--- GIVEN DATA ---
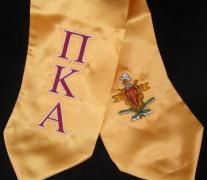 PIKE Graduation Sash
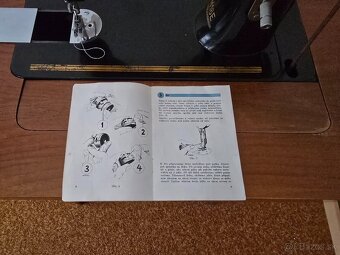 Šijací stroj - 10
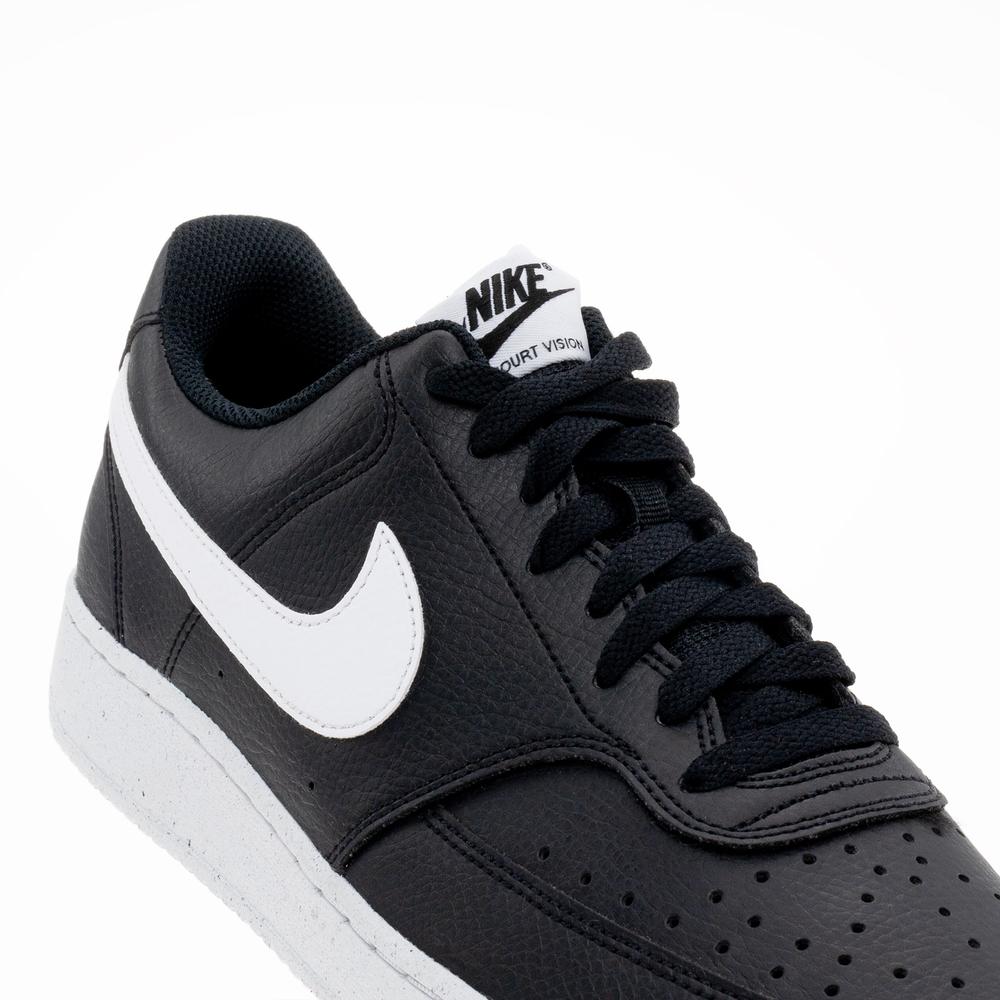 Topánky Nike Court Vision Low Next Nature DH2987-001 - čierne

--- YOUR TASK ---
All of the material is to be reproduced verbatim, pictures excluded.

--- ANSWER TO THIS EXERCISE ---
 PIKE Graduation Sash
 Šijací stroj - 10
 Topánky Nike Court Vision Low Next Nature DH2987-001 - čierne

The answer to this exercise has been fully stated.